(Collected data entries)
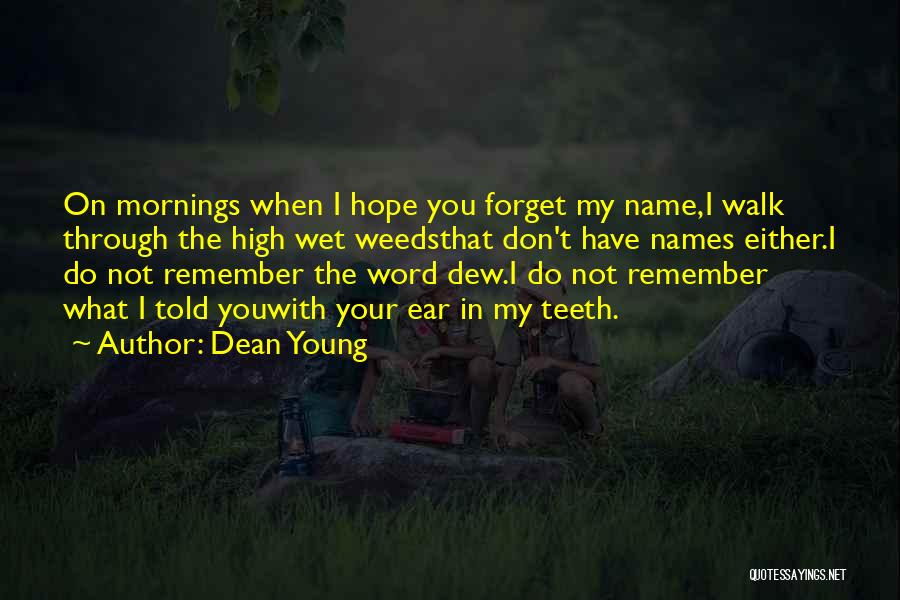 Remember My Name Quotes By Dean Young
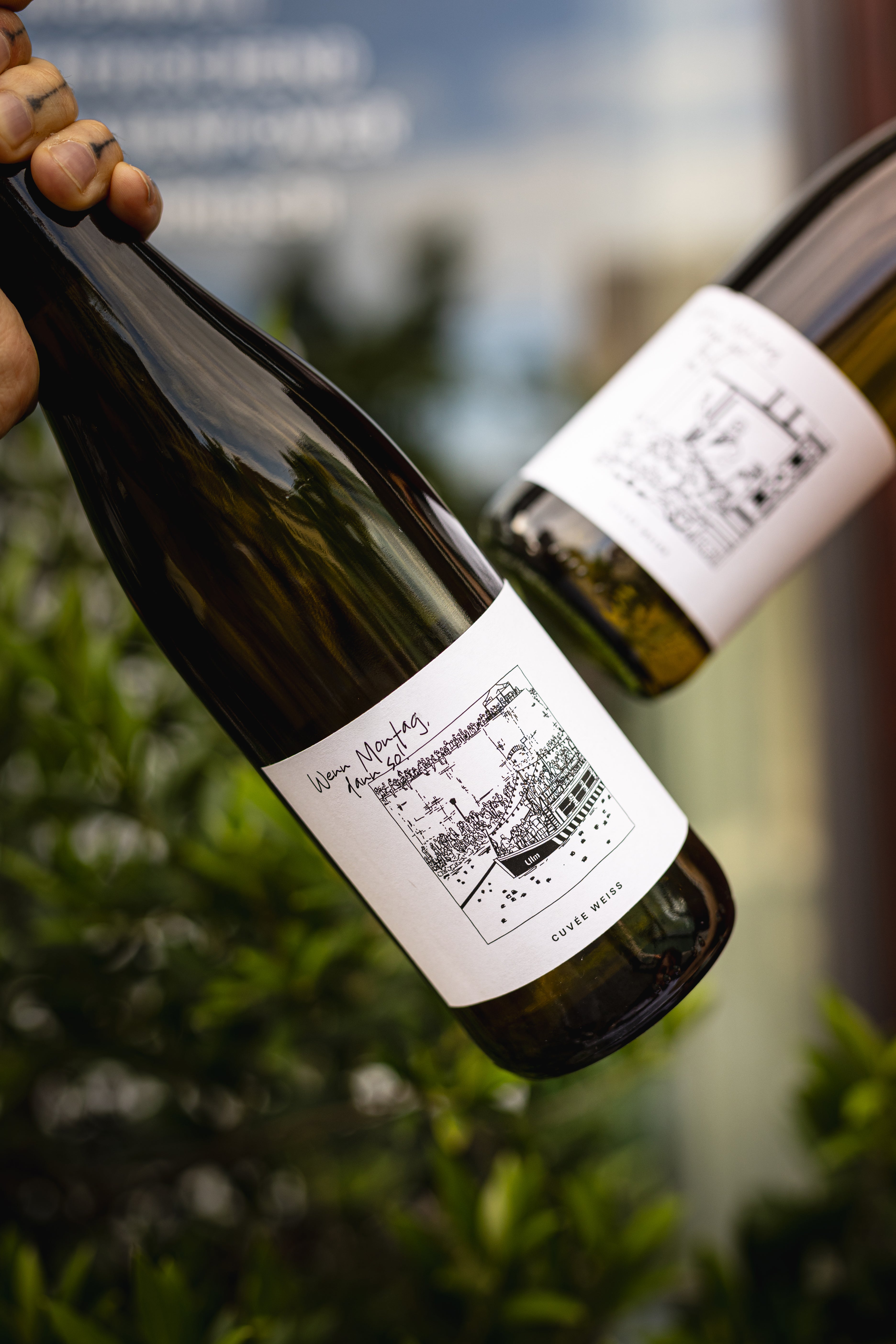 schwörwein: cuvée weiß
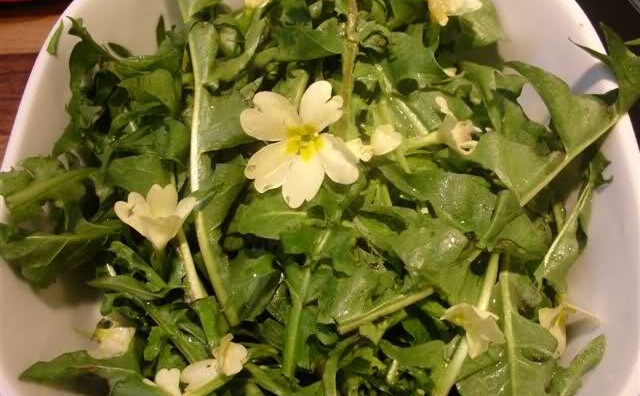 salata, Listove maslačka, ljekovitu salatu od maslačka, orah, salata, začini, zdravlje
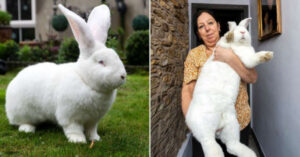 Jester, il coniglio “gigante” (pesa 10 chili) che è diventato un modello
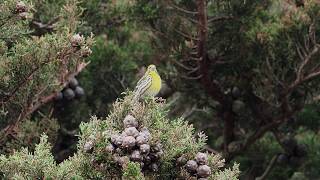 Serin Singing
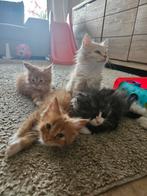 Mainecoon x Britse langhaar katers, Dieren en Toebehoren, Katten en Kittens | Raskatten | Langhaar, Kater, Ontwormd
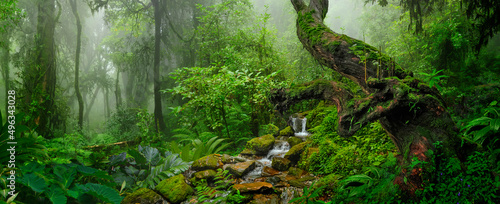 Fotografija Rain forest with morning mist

## Exercise description
Set the records down again word for word; the pictures stay out.

## Result for this task
 Remember My Name Quotes By Dean Young
 schwörwein: cuvée weiß
 salata, Listove maslačka, ljekovitu salatu od maslačka, orah, salata, začini, zdravlje
 Jester, il coniglio “gigante” (pesa 10 chili) che è diventato un modello
 Serin Singing
 Mainecoon x Britse langhaar katers, Dieren en Toebehoren, Katten en Kittens | Raskatten | Langhaar, Kater, Ontwormd
 Fotografija Rain forest with morning mist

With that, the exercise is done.